Work required
Please find the line that holds "Larah by Borosil" below and reproduce it, along with every line after it through the end, exactly and without pictures.

--- Entries supplied ---

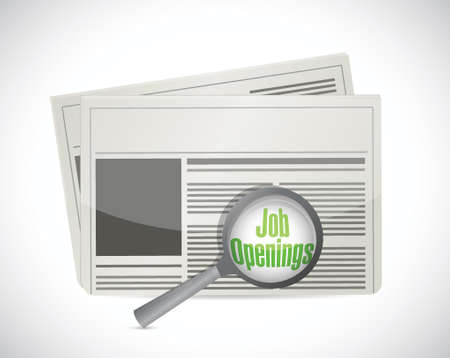 looking for job openings in a newspaper. illustration design over a white backgroundのイラスト素材
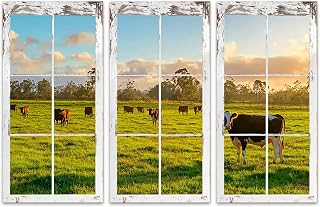 GerardoTee 3 Piece Canvas Wall Art Australian grazing cows farm Modern Print Paintings Artwork Picture Wall Decor for Living Room Home Office Decor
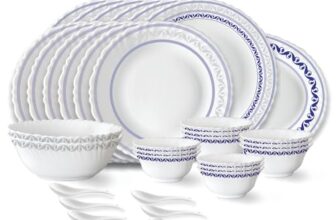 Larah by Borosil Jazzblue Fluted Series Opalware Dinner Set | 33 Pieces for Family of 6 | Microwave & Dishwasher Safe | Bone-Ash Free | Crockery Set for Dining & Gifting | Plates & Bowls | White
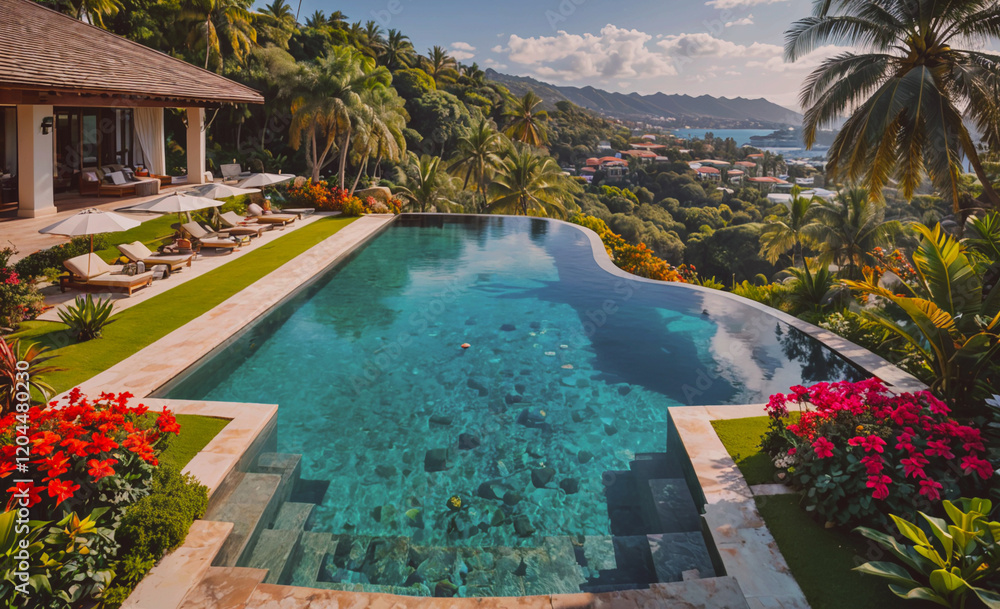 Aufkleber large pool with a beautiful garden surrounding it. the pool is surrounded by a stone walkway and has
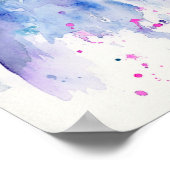 水色驚き猫ポートレートポスター ポスター (角)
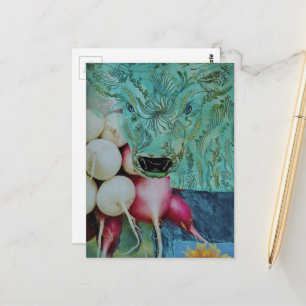 Die Kuh und die Rettiche Collage Postkarte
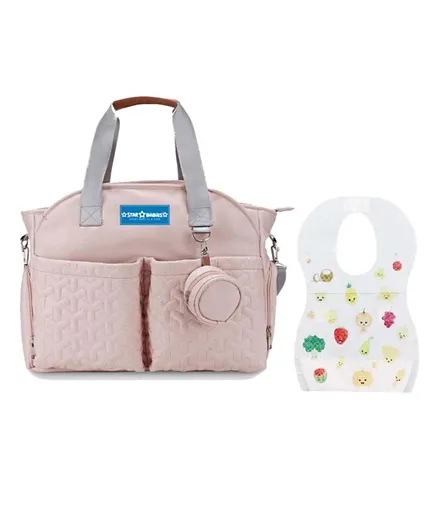 Star Babies Diaper Bag With Disposable Bibs - Pink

---

Output of the task
 Larah by Borosil Jazzblue Fluted Series Opalware Dinner Set | 33 Pieces for Family of 6 | Microwave & Dishwasher Safe | Bone-Ash Free | Crockery Set for Dining & Gifting | Plates & Bowls | White
 Aufkleber large pool with a beautiful garden surrounding it. the pool is surrounded by a stone walkway and has
 水色驚き猫ポートレートポスター ポスター (角)
 Die Kuh und die Rettiche Collage Postkarte
 Star Babies Diaper Bag With Disposable Bibs - Pink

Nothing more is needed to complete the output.